What the exercise asks: Transcribe exactly the lines from the top of the records below through the line that holds "As you can see, we", both included, with no pictures.

START Data for review

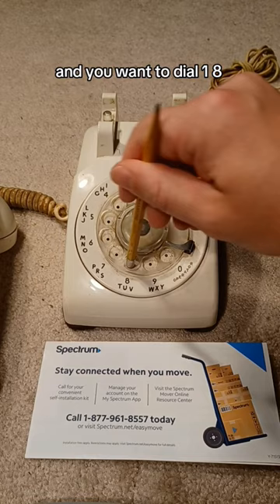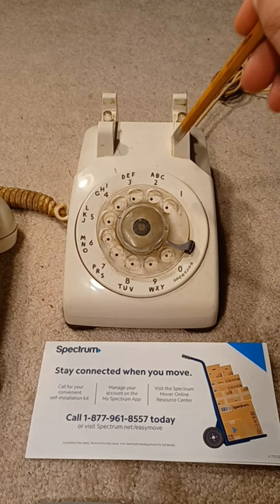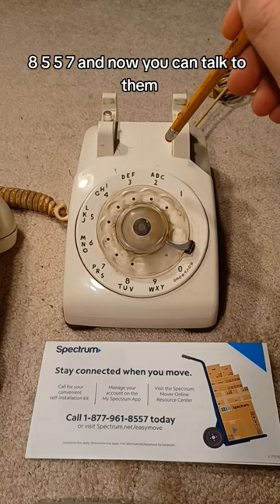Seven, seven, nine, six, one, eight, five, five, seven.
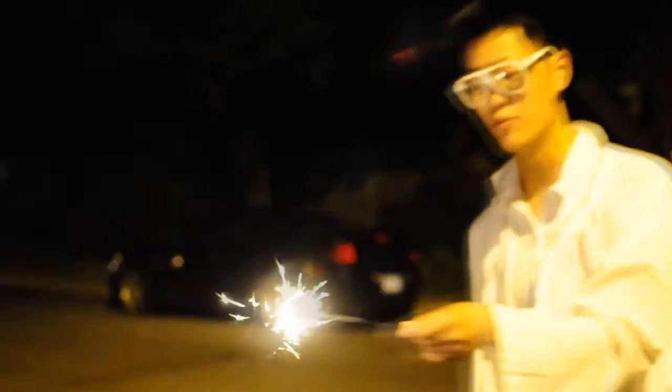As you can see, we can light it off and make a circle, and then we can also throw it.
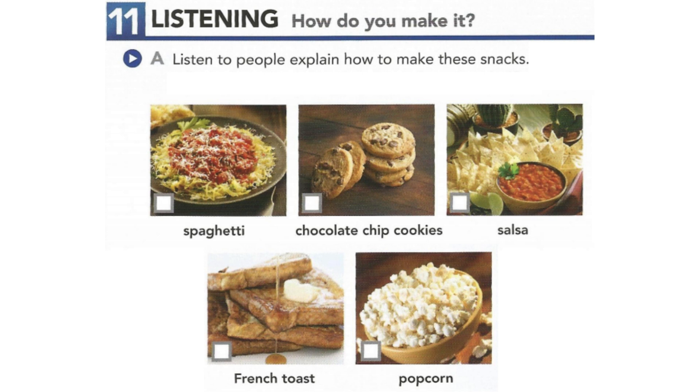First, mix the butter, sugar, and egg together. Then, add the flour and salt. Next, add the chocolate and mix it all together. Finally, make balls with the mixture and put them on a tray. Bake in the oven for 8 minutes. I love to eat them with a glass of milk.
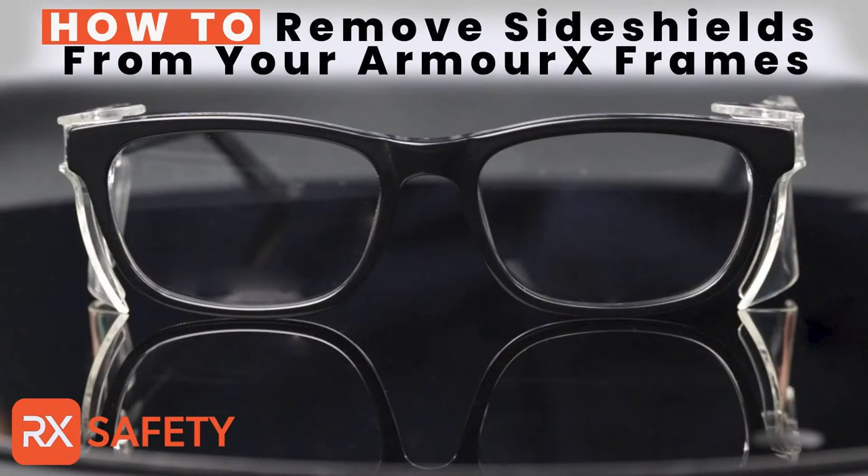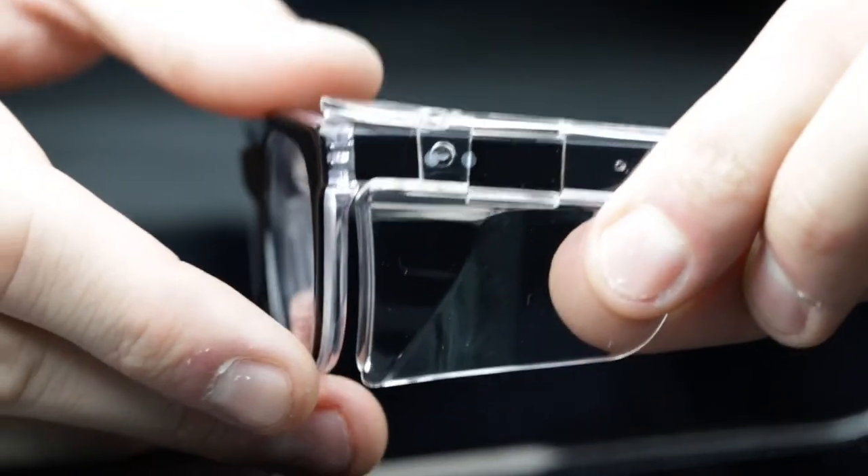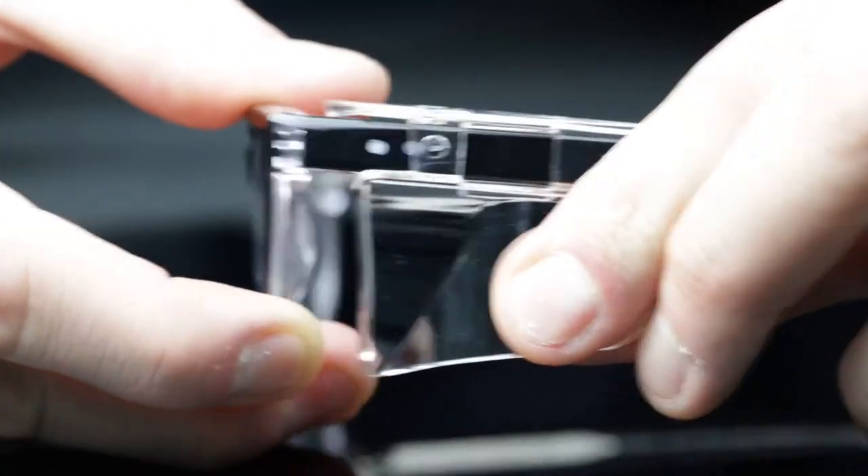Here's how to remove the side shields from your Armorex prescription safety glasses. Simply grip the side shields and slide towards the back of the temple bars for easy removal.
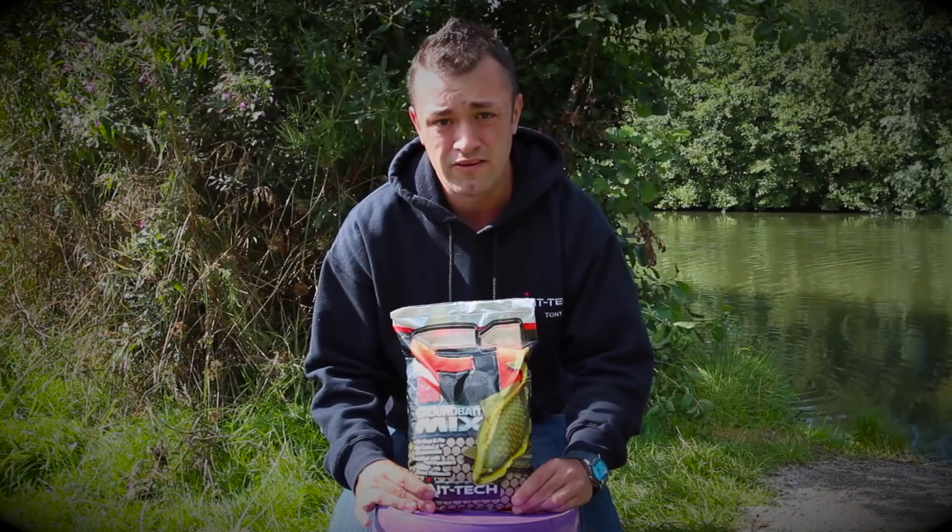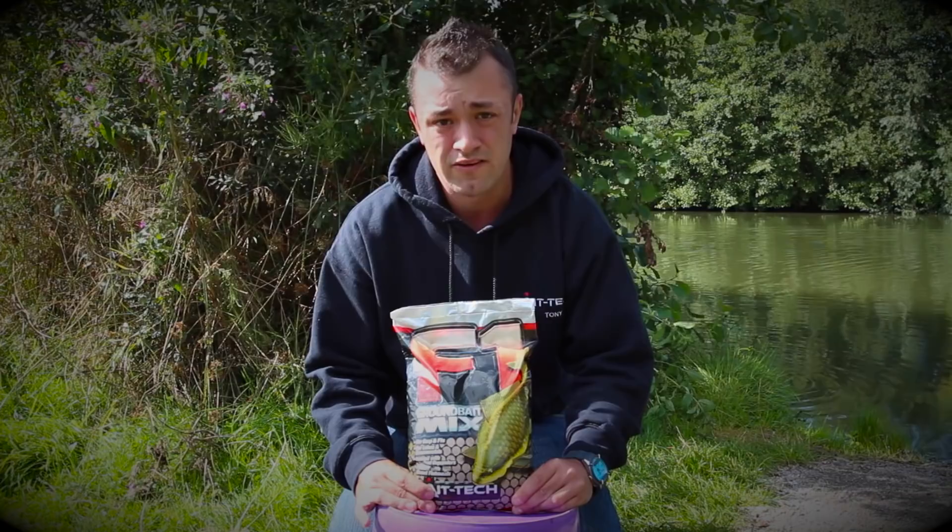Another bonus is that now the year's getting on a little bit, the colour starts to drop out of the water, and adding this groundbait with the added cloud definitely draws fish from quite a distance into your swim. It's a nice little tip — give it a try.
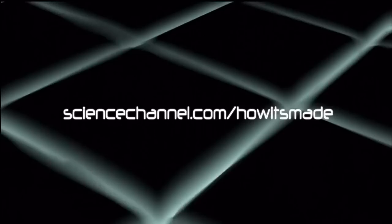If you have any comments about the show, or if you'd like to suggest topics for future shows, drop us a line at sciencechannel.com/how-it's-made.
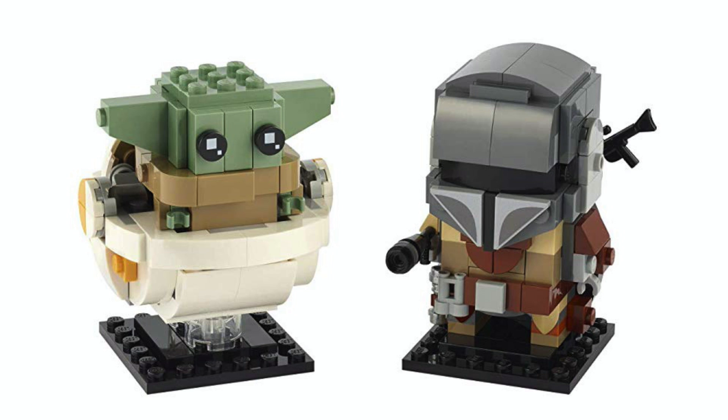This is what I call a perfect Brickheadz. He's cute, he's adorable, he fits the Brickheadz styling, but it's still faithful and accurate to the on-screen version. This is one of the best translations from screen to Brickheadz form that I've seen ever, really, in the entire theme's lifespan.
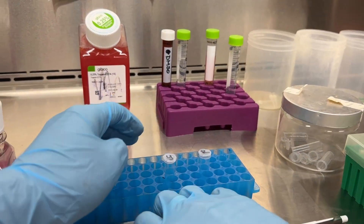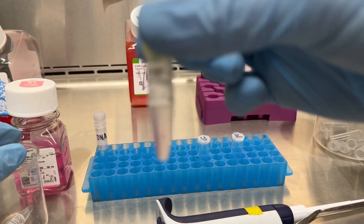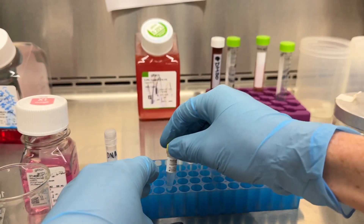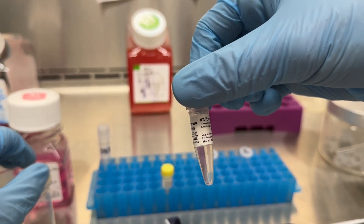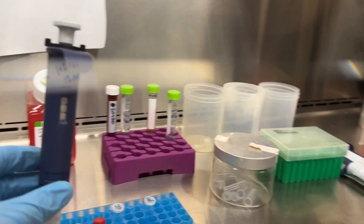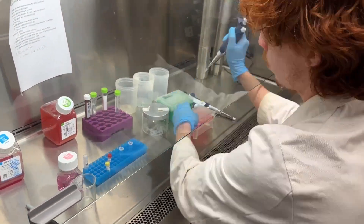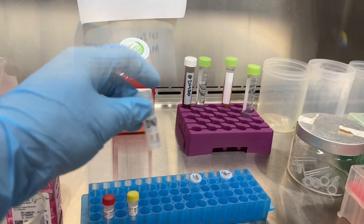Into the R tube he places the lipofectamine. We call them Y and R because the two reagents have a red cap and a yellow cap — though depending on the manufacturer, cap colors may change. When you have multiple transfections, you can't just label everything Y, R, Y, R — you'll have to be a little bit more careful.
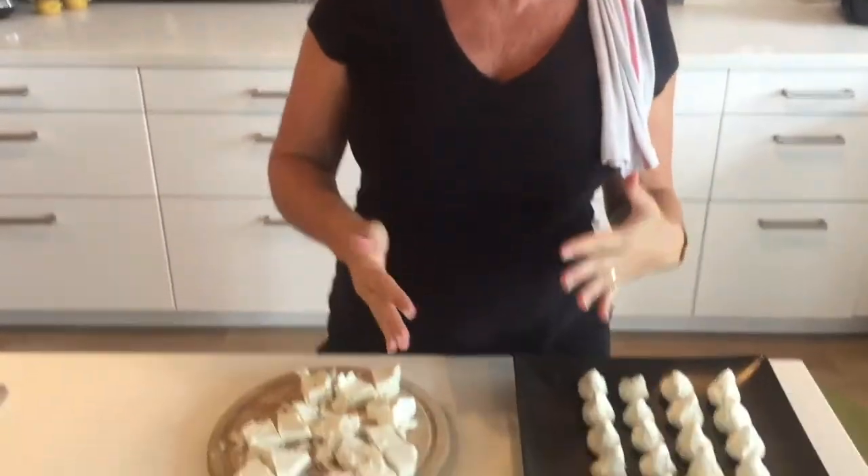Hi! Cheez Whiz Gina here, and fall is in the air, so it's time to make some really fun cheesy appetizers that are easy and delicious. Today we are going to make some chevre pistachio pears.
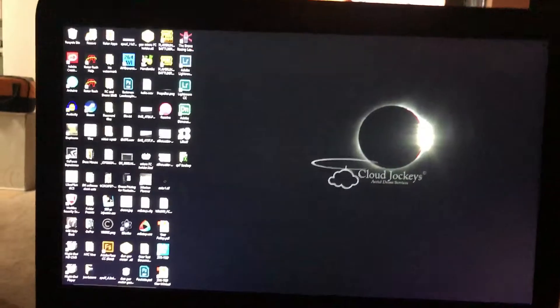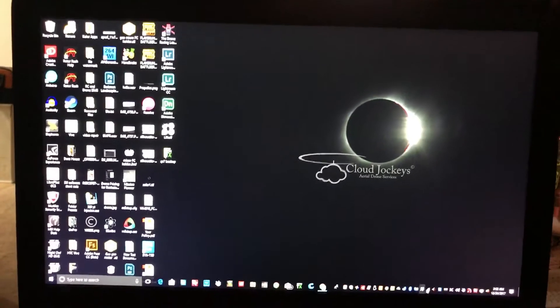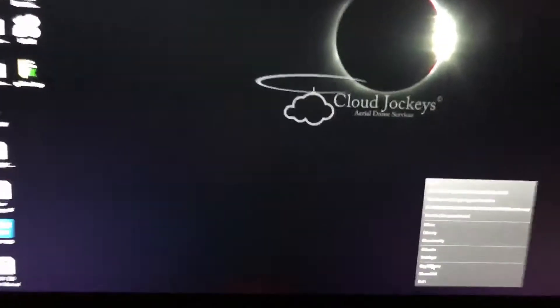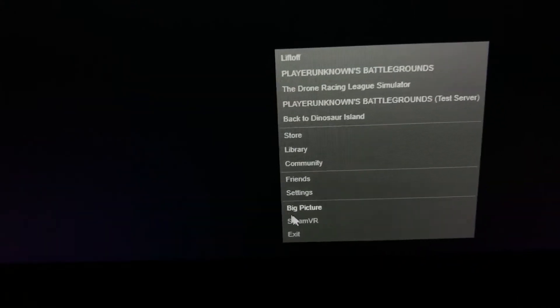This is super easy. If you go into your Steam app here, right-click it and go to Settings.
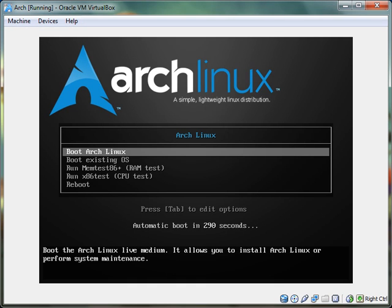Hello YouTube. I'm going to be starting a new video tutorial series on Arch Linux.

END Data for review

Task output:
Seven, seven, nine, six, one, eight, five, five, seven.
As you can see, we can light it off and make a circle, and then we can also throw it.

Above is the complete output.